We react with a mix of shock and sadness as we become painfully aware that everyone and everything everywhere are no longer what they were, nor will they ever be again.
Everything on earth is slip-sliding its way down a seemingly endless one-way street to be replaced by the same or something different.
We become depressed as we find ourselves asking if there is any reward to any of our sincere efforts or we question why anyone should do anything not only for themselves but for anyone or anything else. Our logic becomes so twisted that we wonder if life is worth living.
In doing so, however, we are only blindsiding ourselves. We aren’t seeing all of this as the unfolding of a great opportunity for us to lead a truly exceptional life that’s available to anyone for the asking and taking.
Remember this: An interesting life is a choice.
At first that may sound like silly talk, particularly if you tend to be the reserved and quiet type. Wrestle with it long enough, however, and you are likely to decide it’s a critically important point that far too many people either don’t get, or if they do, don’t bother to thoroughly think through.
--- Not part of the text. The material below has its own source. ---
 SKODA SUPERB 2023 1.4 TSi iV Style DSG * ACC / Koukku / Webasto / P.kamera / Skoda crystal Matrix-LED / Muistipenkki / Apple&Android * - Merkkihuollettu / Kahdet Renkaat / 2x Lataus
They are the ones who often say “I’ll get around to doing that one of these days,” or “That’s something I want to do but now isn’t a good time,” or “That’s a wish I’ve always had, but it will never come true.”
They don’t realize how rapidly their lifetime is passing by, that the heavens will never part to make it possible for them to do what they would like to do, see what they would like to see, meet those they would like to get to know, and have experiences that until then they had only dreamed about.
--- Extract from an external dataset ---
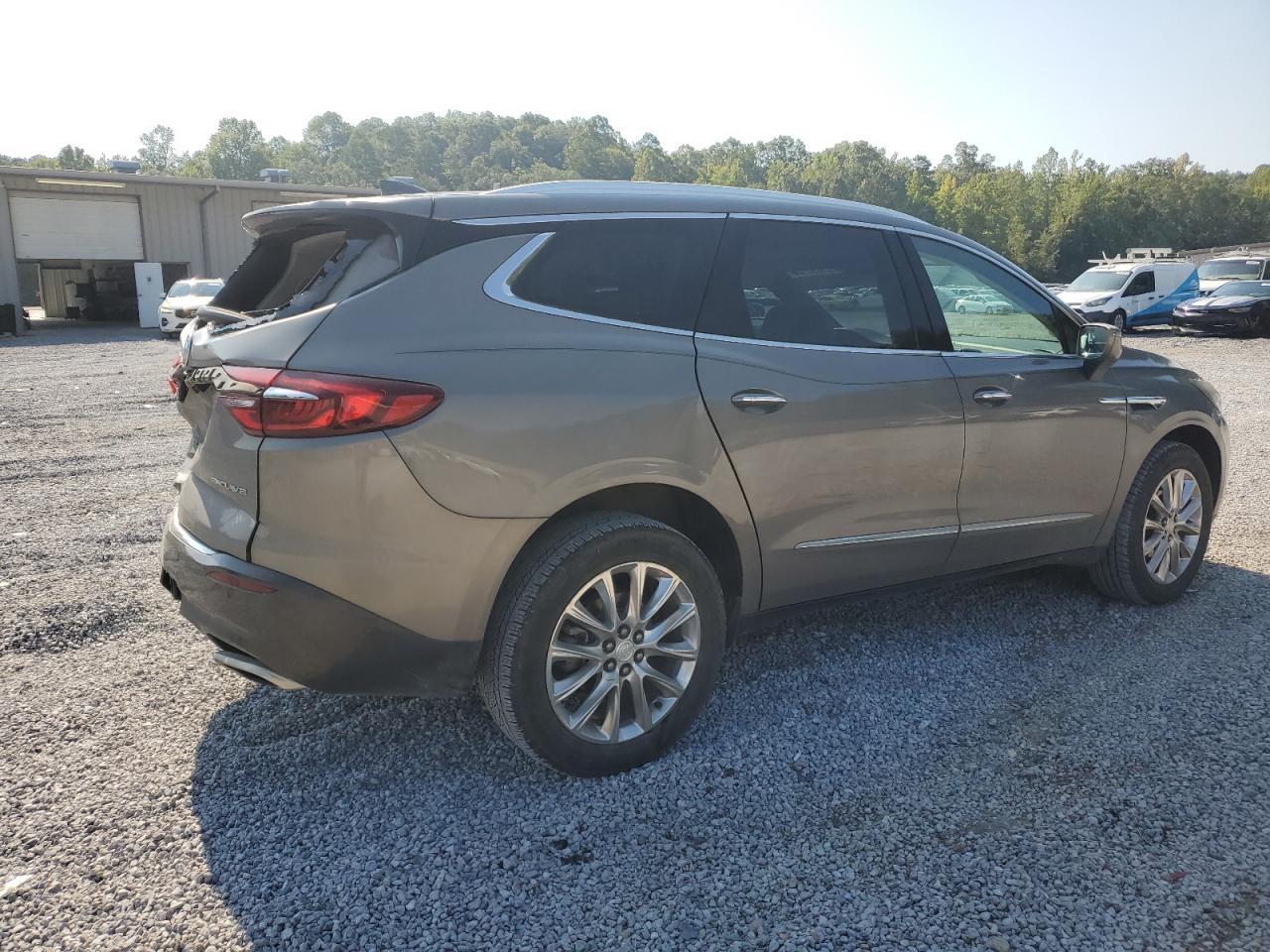 2018 Buick Enclave Premium - Image 3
Some people, however, clearly see that big picture. They gratefully even excitedly accept the resources and opportunities they have at any given moment, day, month, or year, make the most of them, then let them serve as stepping stones leading to an even more rewarding future.
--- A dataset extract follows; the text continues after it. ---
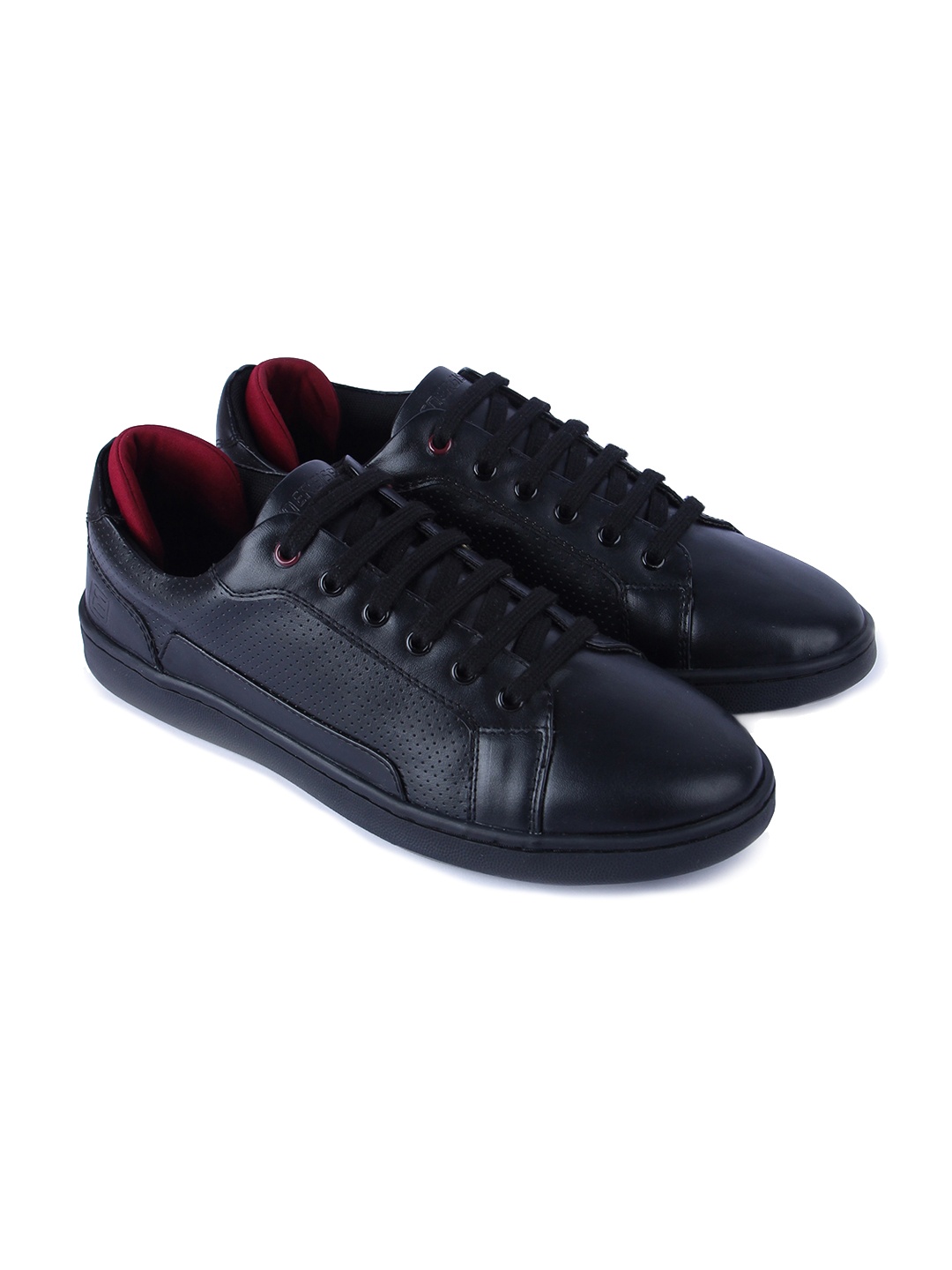 

Lancer Men Black Sneakers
I have never forgotten a chance meeting with a guy in Hawaii with whom I shared thoughts on this subject. Only 27 years old, he smiled as he told me that after having already had one life, it was time for him to think about what he wanted to do during what he was calling his “second life.” I felt overwhelmed as he then revealed that from the time he had turned 16, he had served in the military, roamed the world as a deck hand on an ocean freighter, hired on as a helper on a ranch in Australia, sold insurance, clerked in the men’s section of a department store, and worked in an Alaskan fish cannery.
Thanks to his frugal living and leaving the “boy stuff” of women, booze, and drugs to others, he had become financially secure and ready to decide how best to proceed from where he was.
When we met he was on his way to his grandmother’s house on top of a high hill near Lahaina, Maui. There, he was going to sit on the porch and give his future a good think while looking outward toward the Pacific Ocean’s infinite horizon.
Even then, he knew he wanted to get married and become the best husband and dad he could be. At the same time, he saw himself taking advantage of what he had already learned plus fulfilling his desire to learn even more. He imagined the result to be much the same as it had been—many unique and exciting experiences leading to day to day feelings of personal accomplishment.
He said that when he got to the end, he wanted to look back and smile at all the exciting and rewarding pleasures he had experienced and the lives he had touched while living the only life he would ever have.
As we said goodbye, I was convinced he would follow through and in that regard, I’ve never met a finer role model. Just to be in the company of someone so curious and passionate about life was extraordinary.
To him, everything is immediate, seasoned with the steadfast reality that every day becomes tomorrow’s yesterday—and so it is with each of us.